Tuesday, July 10, 2012

It's 2:14. Still too far from the middle but already drifting away to daydreams.

Still a lot of pages to go before I'll be finally done with my Oral Histology review and shit. And I'm getting so lazy. This coffee ain't doing any good.

You told me I drink too much coffee and I smoke too much. You told me I was a geek. And you told me I study a lot but I always complain about it. You're always telling me to go catch some sleep. And when I finally slept in your couch you wanted me awake. But you can do nothing, couldn't resist watching me sleep, could you? I miss studying in your studio as you work and I miss your unconventional ways of keeping me awake so I could finish studying everything. And we'd bet on how I will do on my test. And I'm getting annoyed with the way I sound now. Too geeky. And too clingy. But you're more clingy than me, yes?


Nancy is being killed repeatedly by her daddy.
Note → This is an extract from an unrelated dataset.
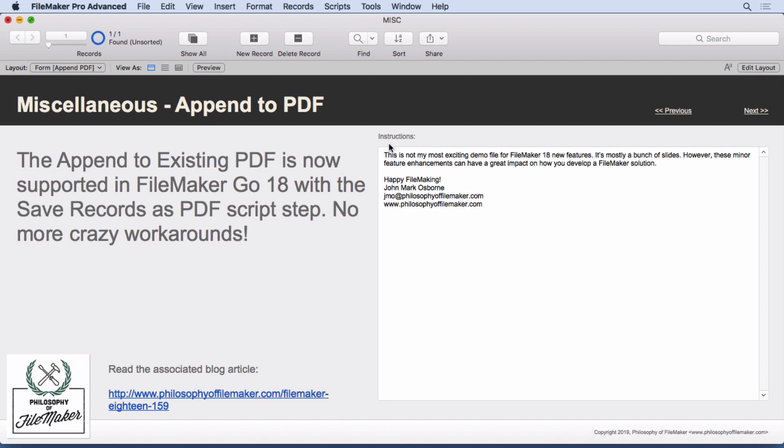This is one of those things that people are going to be so excited about. FileMaker Go 18 now supports append in the save records as PDF script step. I've seen a lot of crazy workarounds out there. You don't have to do them anymore. It's just supported. You can append onto a PDF document. I use it a fair amount of the time. And having the support on FileMaker Go is great because I don't differentiate FileMaker Go and FileMaker Pro Advance that much. There's different layouts, but as far as the scripts, I try to keep them the same. Now I can have the same script do the same thing, whether you're on the go or at your desk.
Too lazy to make a study playlist so this one's been on repeat for two or three hours now.



Breaks over. I'll go back to reading. I wonder how many lonely people are still awake, trying to figure out the next thing they must do in the morning. And imagining it while lying in bed. They will probably end up not doing it in the morning. And they'll imagine it at night again. #gpoy

I don't know what I'm saying any more and the things that I want to say. Maybe my mind's so tired already. I can really use a time off. Can't wait for this to be over. For now, good vibes.